Bugün düşmanlarla kuşatılmış olan Türk, Çerkes, Kürt gibi din kardeşlerinin el ele vermesi, sarsılmaz bir vücut meydana getirmeleri, namus ve hayatımızı kurtarmak için bir farzı ayndır.
Atatürk'ün Salihli cephesindeki milli komutanlardan Reşit Bey'e telgrafı
Bana öteden beri bu ve buna benzer tekliflerde bulunanlar çok olmuştur.
Siz ve kamuoyu bilmelisiniz ki, bu yoldaki teklifler hoşuma gitmemiştir ve gitmez.
Benim gayem Türkiye'de, yeni Türkiye Cumhuriyeti'nde millet hakimiyetini takviye etmek ve ebedileştirmektir.

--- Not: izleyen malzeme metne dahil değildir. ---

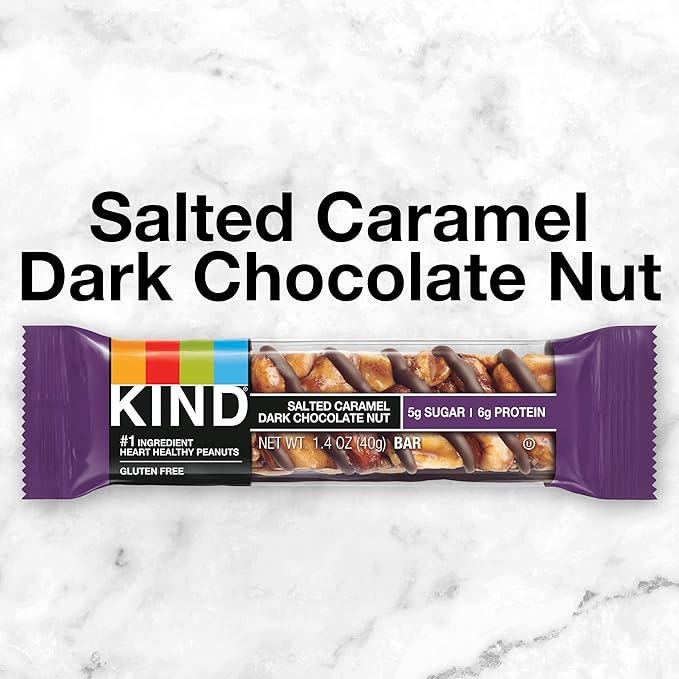 KIND Nut Bars, Salted Caramel & Dark Chocolate Nut, Healthy Snacks, Gluten Free, Low Sugar, 6g Protein, 12 Count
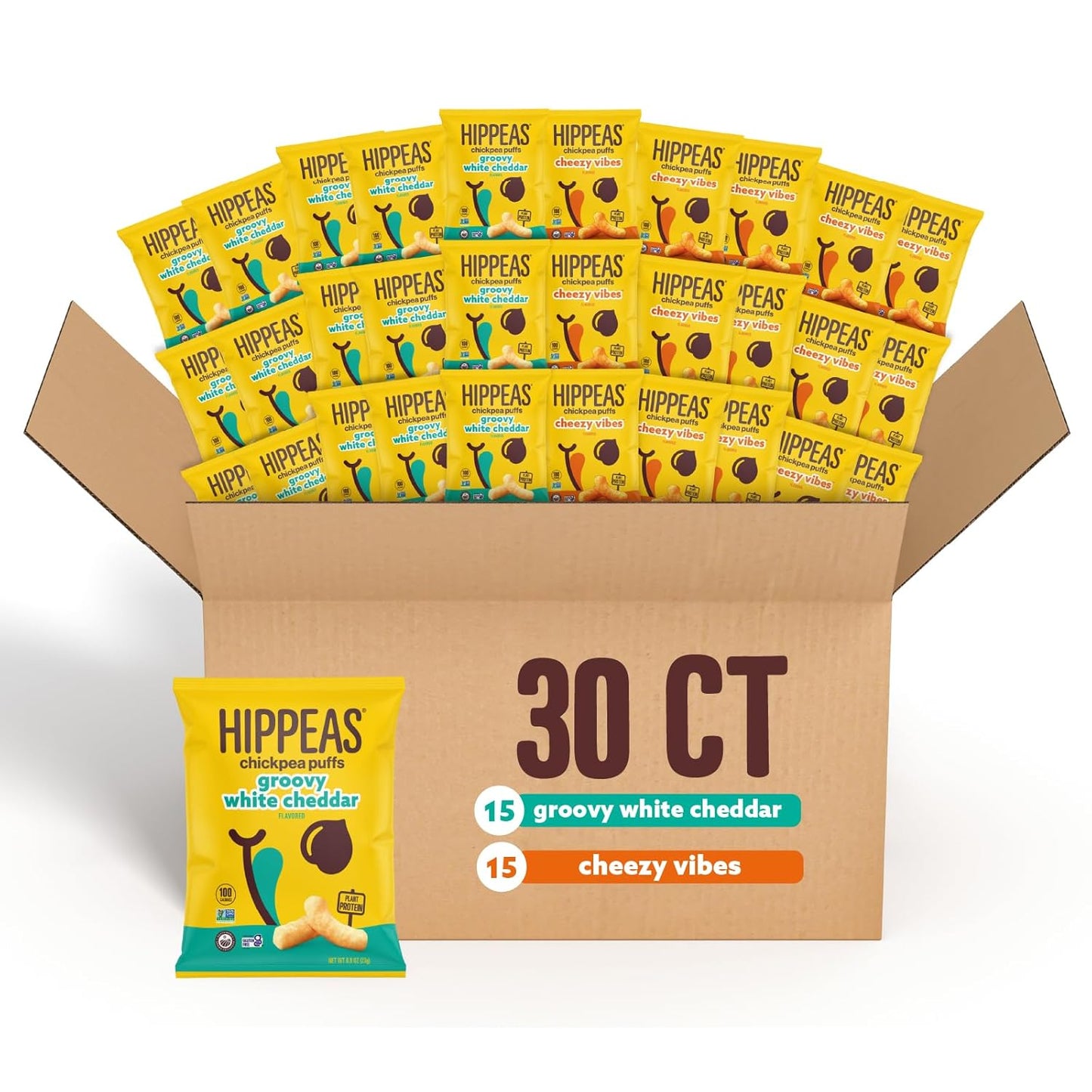 Hippeas Chickpea Puffs, Variety Pack: Vegan White Cheddar, Nacho Vibes, 0.8 Ounce (Pack of 30), 3g Protein, 2g Fiber, Vegan, Gluten-Free, Crunchy, Plant Protein Snacks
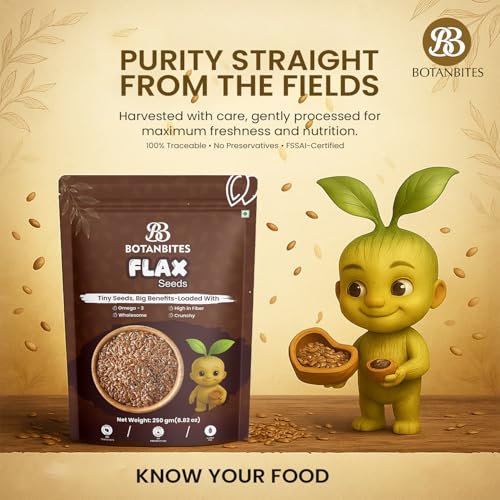Image of BOTANBITES Flax Seeds 250g - Alsi Seeds | Rich in Omega-3, Fibre & Antioxidants | High Protein Superfood for Digestion, Heart Health & Fat Loss | Raw Seeds for Eating | Vegan & Gluten-Free Snack (250g)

Dediğiniz gibi bir teklifi, benim idealimi cidden rencide eden bir manada görürüm.
Bu noktada şu veya bu yorumlara giden sözlerin manasını, beni iyi tanımış olan Türk milleti benden daha iyi takdir eder.

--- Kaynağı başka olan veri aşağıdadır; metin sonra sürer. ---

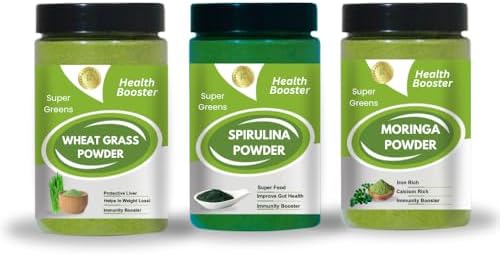 Super Smoothie Greens (Moringa, Wheat Grass & Spirulina Powder) 100g Each | 100% Pure & Natural | Superfood Blend | Rich In Protein & Chlorophyll | Boosts Immunity | Detox Support | Energy Booster | Supports Digestion | Nutrient Dense | Ayurvedic Wellness | No Preservatives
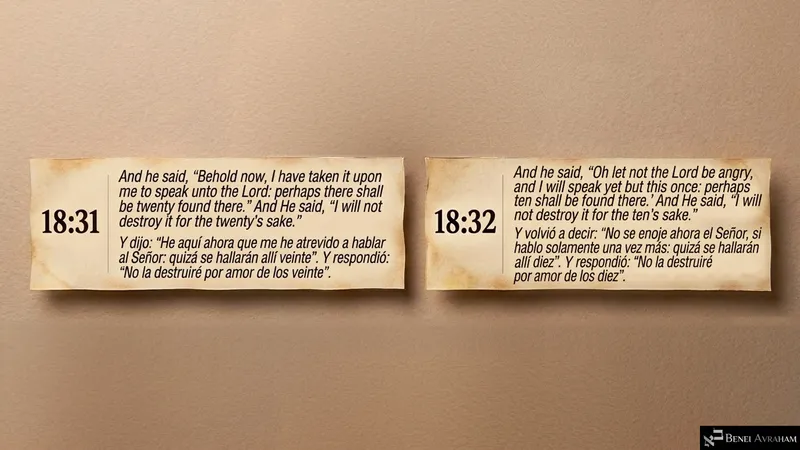Avraham’s last pleas, for twenty and then ten: “I will not destroy it for the ten’s sake” (Genesis 18:31–32).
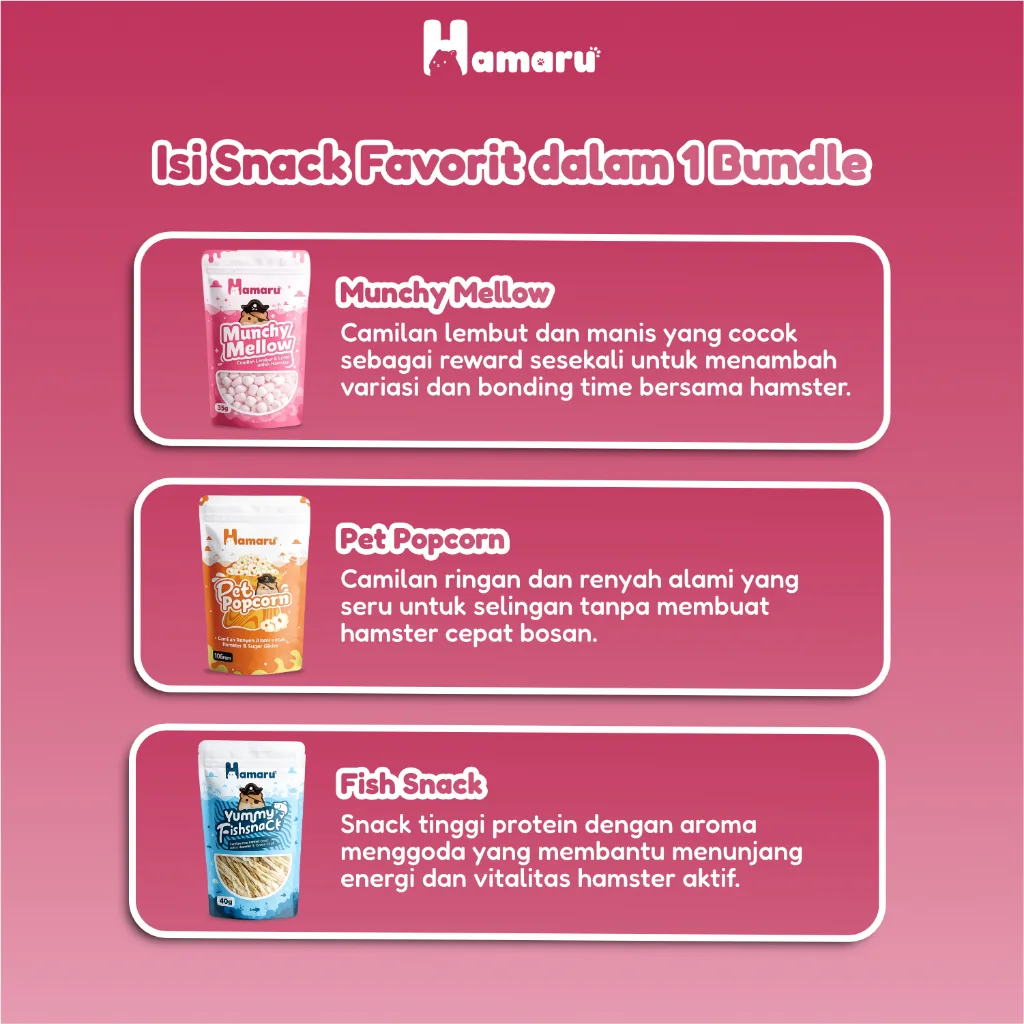 Hamaru Treat Snack Bundle Snack Hamster Protein dan Cemilan Manis Makanan Hamster Paket Komplit (fishsnack,munchmellow,popcorn)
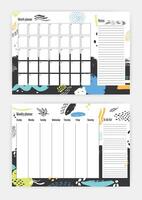 Collection of month and weekly planner templates with week starting on Sunday, square cells for notes, colorful abstract ornaments on background and to do list. Creative illustration. vector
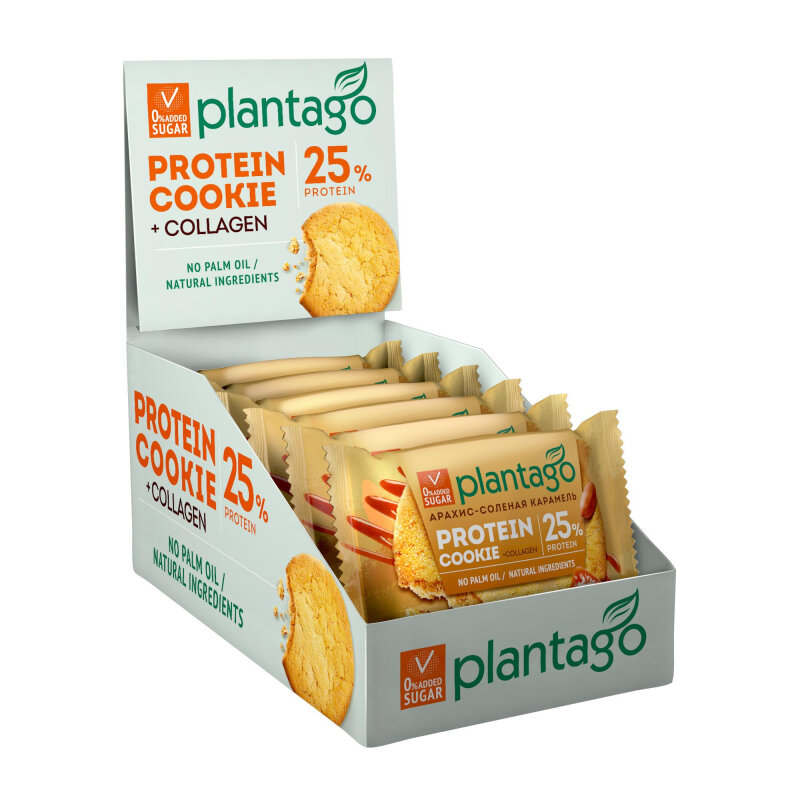 Печенье Plantago Protein Cookie Ар.-Сол.кар.выс.сод.бел.25%,кол.,40гх9шт/уп - фотография № 1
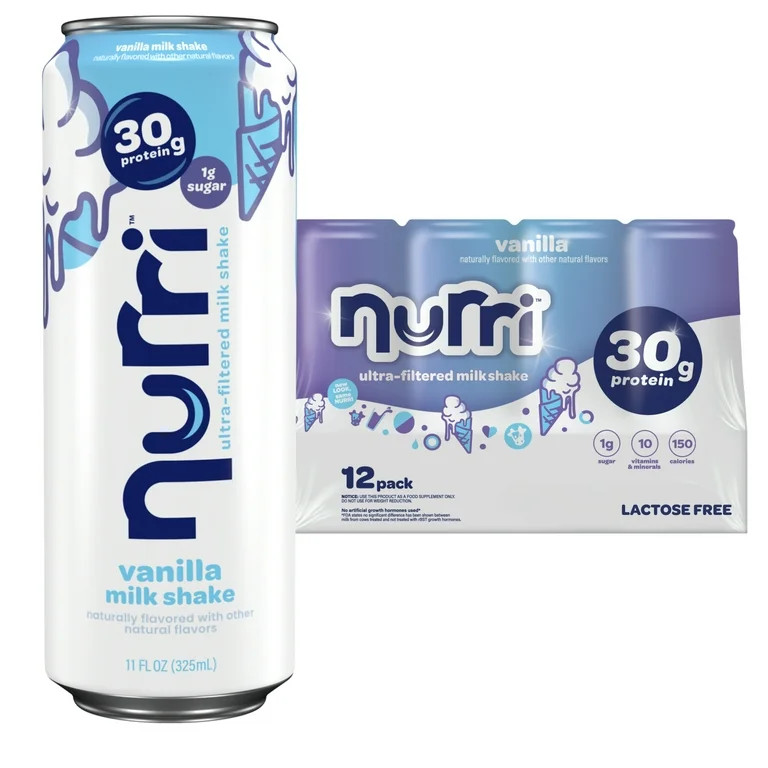 Nurri Ultra-Filtered Milkshake, 30g of Protein, Vanilla, 11 fl oz Can (Pack of 12) | Walmart (US)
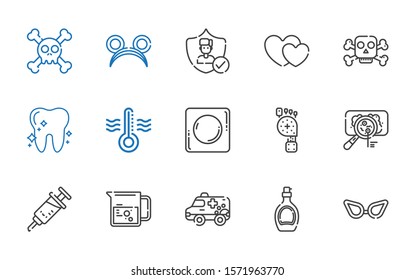 medical icons set. Collection of medical with glasses, syrup, ambulance, beaker, vaccine, virus, foot, record, thermometer, tooth, poison. Editable and scalable medical icons.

Hayat boyu cumhurbaşkanlığı teklifine Atatürk'ün verdiği yanıt.
O, geçmişse hata etmiş. Bir milletin istiklalinin timsali olan bayrak çiğnenmez! Ben onun hatasını tekrar edemem.
9 Eylül 1922'de İzmir kurtarıldıktan bir gün sonra, Atatürk, kalmak için Karşıyaka'daki İplikçizade Köşkü'ne girer.
Kalabalık, Atatürk'ün çiğnemesi için köşkün girişine bir Yunan bayrağı sermiştir.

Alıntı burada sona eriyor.